Man, these titles are getting long. One problem with "fixing words" is that the replacements for the old ones are often twice as long and wordy, and they, too, will someday be deemed inappropriate and need to be replaced with even longer words. The meanings are not as clear; back in the 1990s, this would have been called race and background options, six syllables versus the nine of this title. Also, "Supplement 1" tacked on there makes an even wordy title so long it probably rolls over on my post title.
I was raised on the use of clear and concise language. Using more words than was needed was disrespectful to your reader and their time.
That said, this book is good for ToV players. ToV desperately needs more options! This is a good first step, even if it is PDF-only at this point. I would love to see many more titles come out in this line and for them to be collected into a hardcover.
We get six new lineages, ten new heritages, and a background here, covering some less-popular options but important ones like goblin, lizardfolk, gnoll, dryad, and dhampir. Eonic is a time-traveler who would work better as a background (and allow for different lineages to be from the future, too). They can't time travel; they just randomly see the future.
This supplement is a step in the right direction for ToV players, but it's just the beginning.
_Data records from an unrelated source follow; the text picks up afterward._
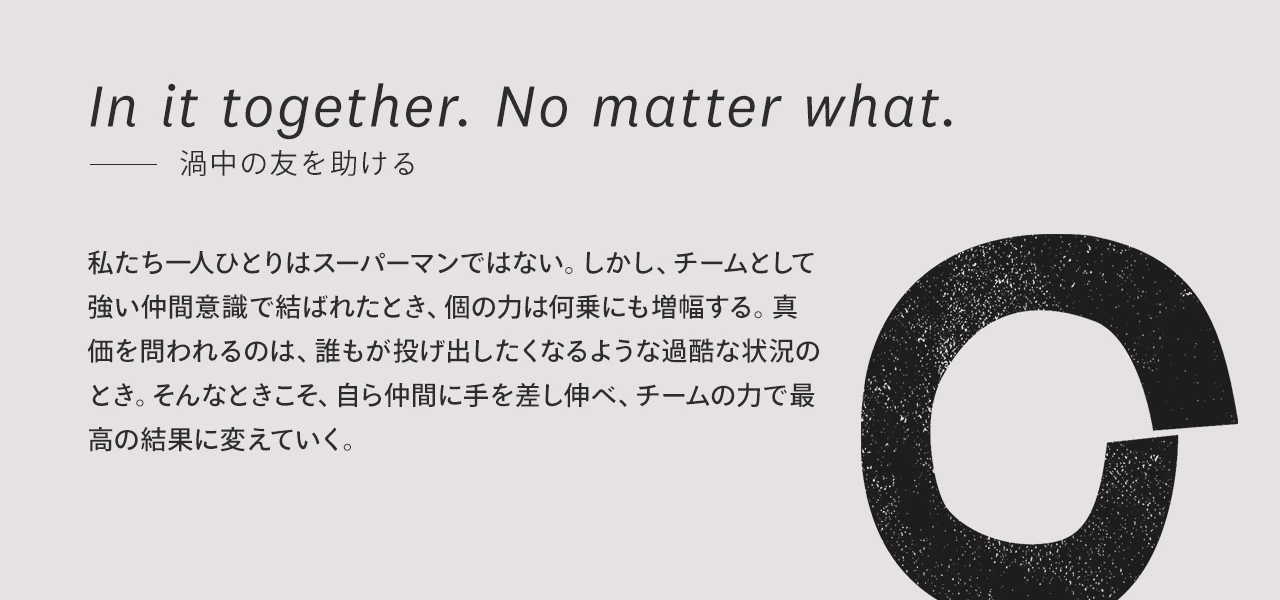 The 7 Values:渦中の友を助ける
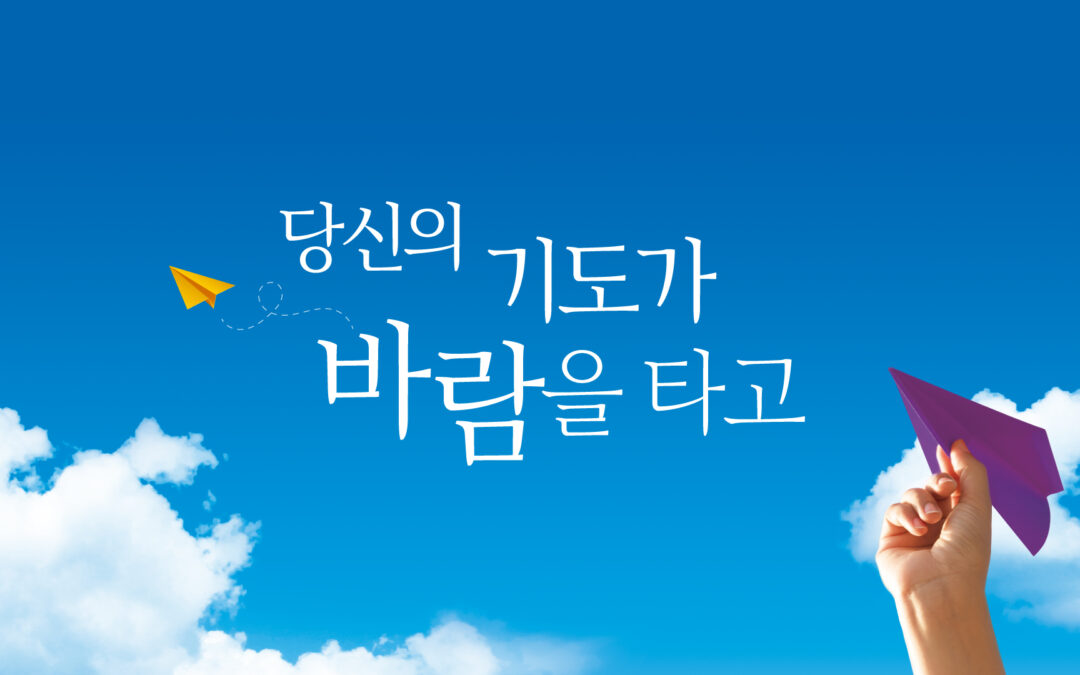 당신의 전도대상자를 위해, 우리가 함께 기도할게요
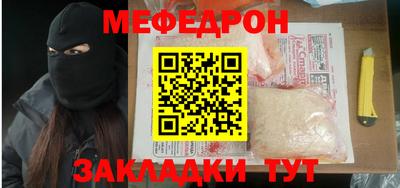 МДМА Краснокаменск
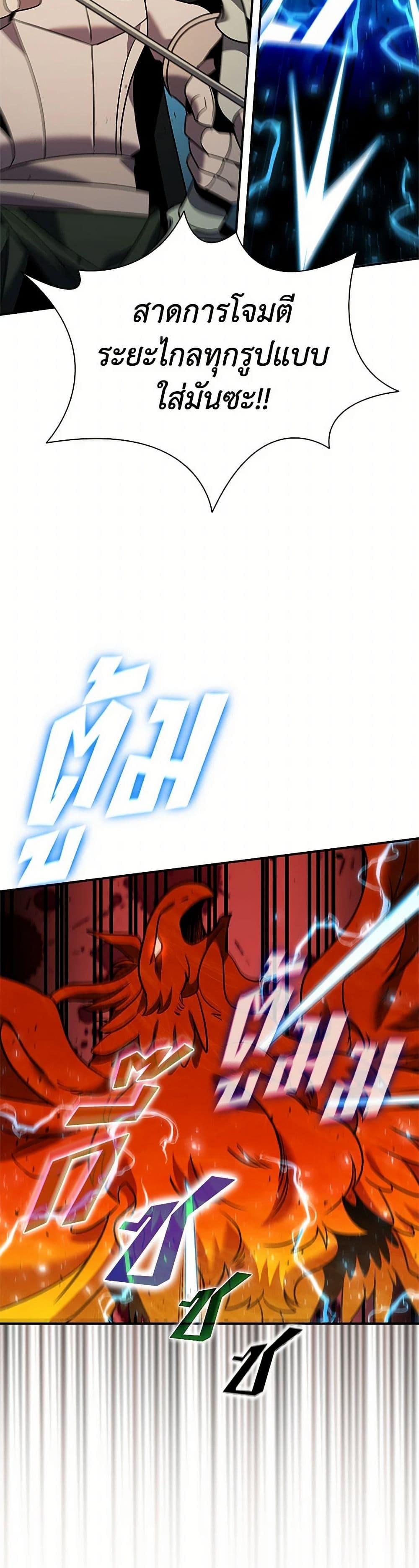 Manga-lc-com อ่านมังงะ อ่านการ์ตูน ออนไลน์ ฟรี Taming Master ตอนที่ 1 2 3 4 5 6 7 8 9 10 11 12 13 14 ฟรี ไม่มีโฆษณา Manga-lc - อ่าน มังงะ อ่าน การ์ตูน ออนไลน์ อ่านมังงะ ฟรี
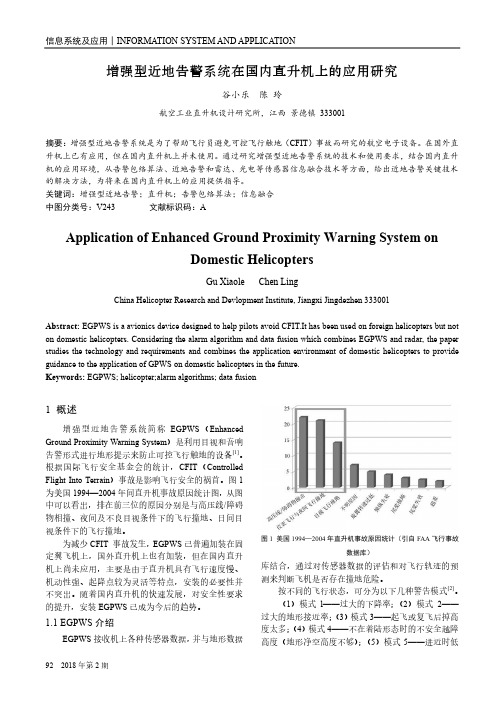 增强型近地告警系统在国内直升机上的应用研究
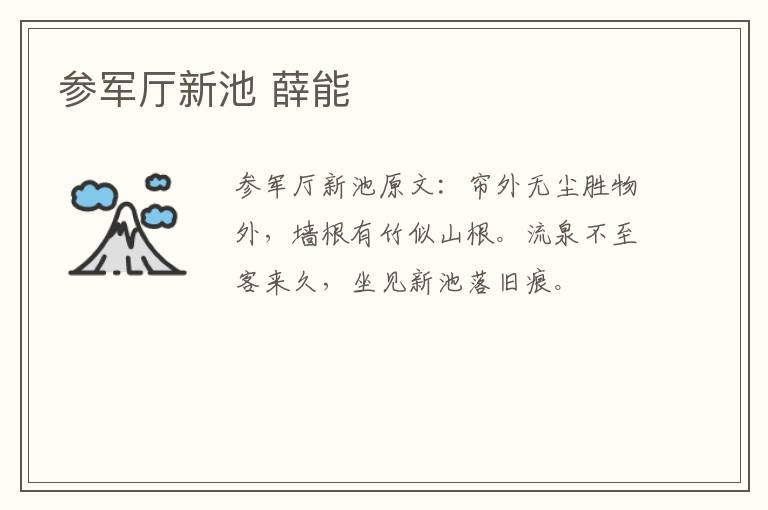 参军厅新池 薛能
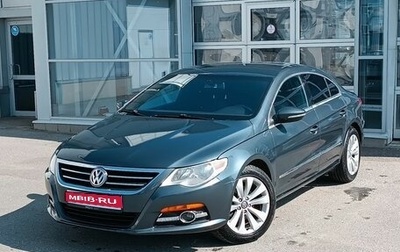 Volkswagen Passat CC I рестайлинг, 2010 год, 827 000 рублей, 1 фотография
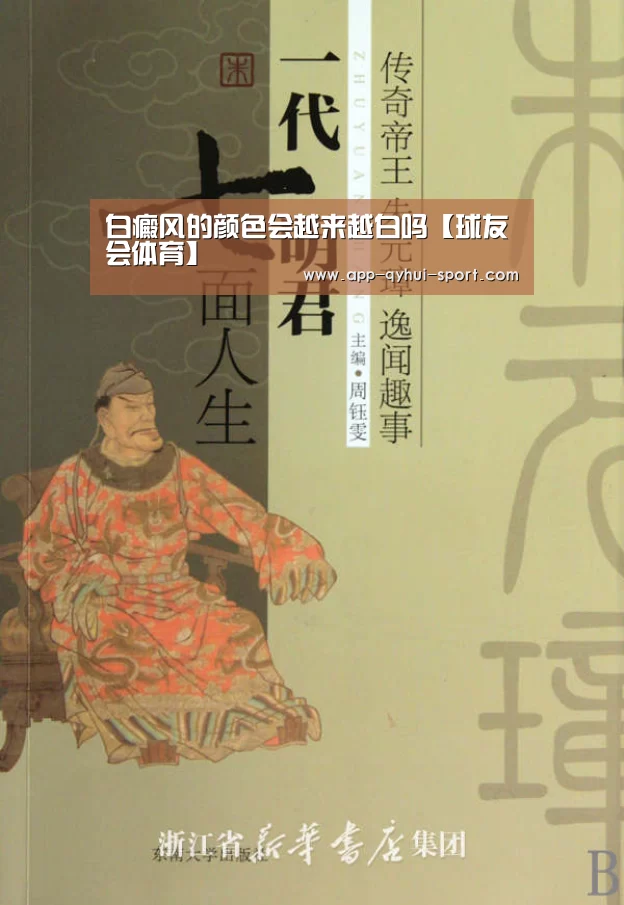 白癜风的颜色会越来越白吗【球友会体育】(图2) 球友会官网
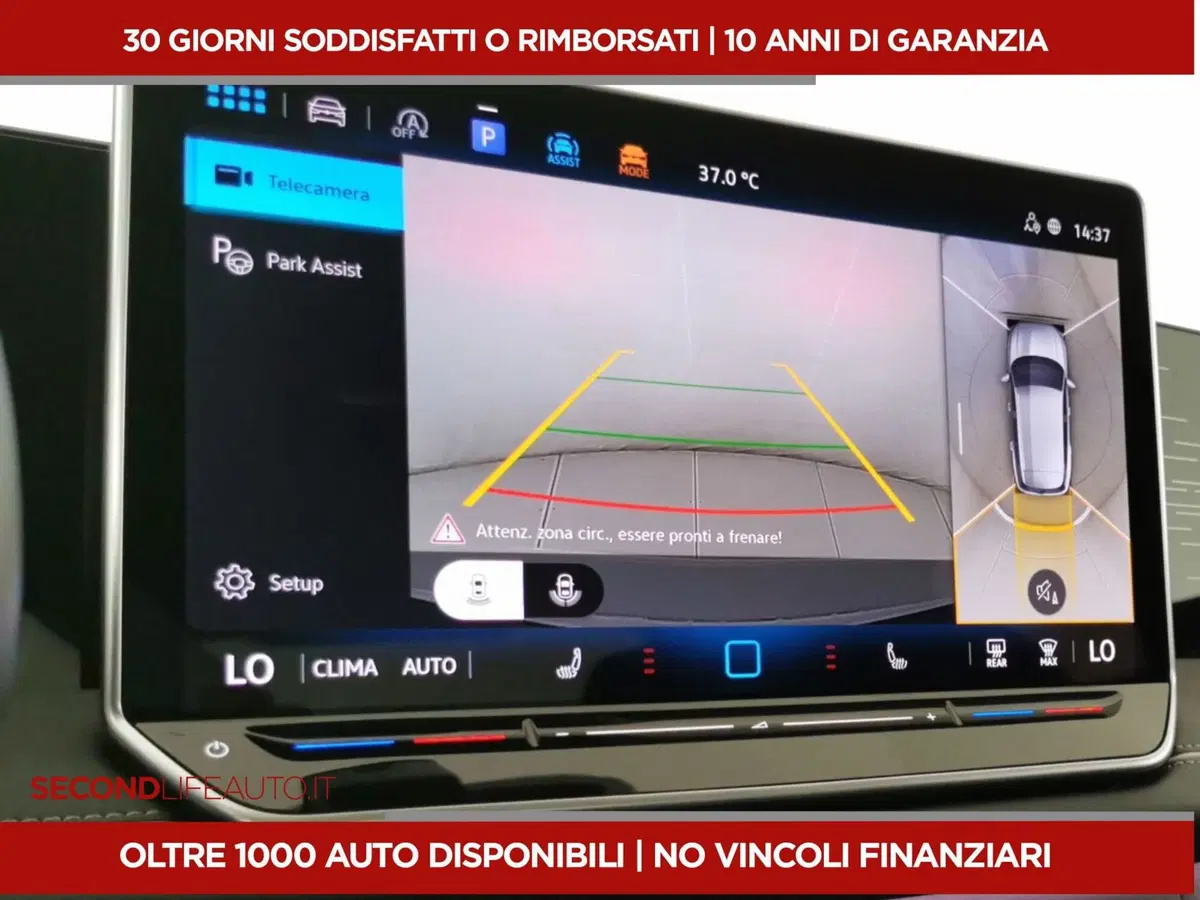 Volkswagen Tiguan usata a Chieti (10)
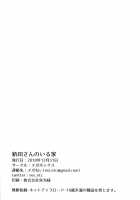 Nitta-san no Iru Ie / 新田さんのいる家 [Meganei] [The Idolmaster] Thumbnail Page 29
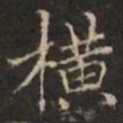明善横书法图片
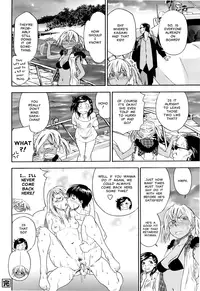 [Yamatogawa] Witchcraft [English]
We're hungry for more, especially in the form of new class options and character development. The Midgard character option department, in particular, is in urgent need of expansion. We're ready for more, and we're ready now.
The downside? Five of the six lineage options have a dark vision ability. I swear this is a massive problem with all of 5E these days (addressed in Level Up A5E and Shadowdark), and most of 5E being a "dark vision party" is a joke at this point in gaming. Tales need to keep compatibility, so they suffer.
Dark vision for nearly everyone is one of the laziest design decisions in 5E, and at this point, just get rid of light sources and assume everyone (even humans) can see in the dark. This is also why many are leaving for Shadowdark, a game that takes light mechanics seriously appeals to so many, and that "fear of the dark" thing ingrained in humans that "in-humanist designers" fail to see in their rush to make everything play fairly like a mobile phone game rigged to sell stamina and currencies.
Nobody wants to play a "light game" in D&D, so they give everyone dark vision and hand-wave it away as a non-problem.
This book needed a few more backgrounds; only having one feels like a mistake. The PDF could have gone two more pages and given us at least four to six new ones. Level Up Advanced 5E blows ToV out of the water when it comes to character background choices, and once you start designing them and pulling in others from 3rd party books, you have almost too many - and that is a good thing.
This book highlights the differences between Tales of the Valiant and Level Up Advanced 5E. ToV needs to maintain D&D compatibility, so they must take D&D's flaws into account and make it work. Level Up threw out parts of D&D that were garbage and fixed the systems to make them fun and support the classic pillars of play.
I feel that maintaining D&D compatibility (which is different from 5E compatibility) will drag your game down with the hot mess from 2014 to 2024, with ten years of broken expansion books. I love ToV, but Level Up is the more radically redesigned and fixed version of 5E on the market. Outside the new "Queen of the Throne" of dungeon crawling, the excellent Shadowdark.
It also tells that the games that fix the dark vision problem are seen as better experiences. We live in strange times.
A great book; more of this is needed; please keep them coming, Kobold Press.